Kathmandu, December 4

Frequent holidays and the second phase of provincial and parliamentary elections have left eight transit mixers of Melamchi Water Supply Project at the Nepal-India border in Birgunj since the last few days.

According to Melamchi Water Supply Development Board, the transit mixers arrived in Birgunj last week from Bangalore of India.

The MWSDB stated that due to the three public holidays, on December 1, 2, and 3, the customs clearance process was halted and the process was unlikely to be completed until after the December 7 elections as the border would be sealed for 72 hours starting midnight today for elections.

Deputy Executive Director at MWSDB Ramakanta Duwadi said the mixers would most probably arrive in Kathmandu after the elections. “Though we tried to get customs clearance for the transit mixers before the elections, we failed to do so due to the three consecutive public holidays.” Speaking to THT, Duwadi said, “With those eight transit mixers, we were hoping to begin concretisation of the tunnel at the earliest.
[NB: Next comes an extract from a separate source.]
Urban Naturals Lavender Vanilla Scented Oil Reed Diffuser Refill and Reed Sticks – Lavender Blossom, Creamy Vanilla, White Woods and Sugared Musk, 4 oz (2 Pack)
But now we have no option but  to wait until after the elections.”

The government is importing those mixers for concretisation of the Melamchi waterway tunnel. It is said that after the mixers arrive, tunnel concretisation work will move ahead at a pace of 200 metres a day. MWSP contractor CMC Cooperativa Muratori e Cementisti di Ravenna has already promised to complete the work within 100 days of arrival of the equipment.

It is said six to 12 inches thick roller-compacted concrete will be maintained across the invert lining depending upon the hardness of the rock. The remaining wall will be plastered normally.

According to MWSDB, the work on about two kilometres of the tunnel has already been completed through manual system. MWSDB said the advanced technology would help the project supply water to Kathmandu Valley from March 2018.

A transit mixer is equipment used for transporting concrete/mortar or ready mix material from a concrete batching plant directly to the site where it is to be utilised. The device is loaded with dry material and water. The interior of the transit drum is fitted with a spiral blade.

MWSDB said each transit mixer costs around Rs 7 to 8 million. Under the project, still a 845-metre section of the tunnel remains to be excavated. The total length of the tunnel is 27.5 km that comprises three sections, namely the Sundarijal-Sindhu, Sindhu-Gyalthum and Gyalthum-Ambathan stretches that are 9.5 km, 8 km and 9 km long, respectively.

Out of the three adit tunnels, the longest one is the Sundarijal-Sindhu stretch which covers 9.5 km, the construction of which was completed in December, last year.

Due to the presence of weak rock at the site, the pace of tunnel construction has become slow. The project’s original deadline expired in 2007 and the second deadline in 2016. On April 3 this year, the deadline was extended to October 2017. The tunnel construction deadline was fixed for July 2017. But MWSP failed to meet the deadline citing the presence of weak rock at the site.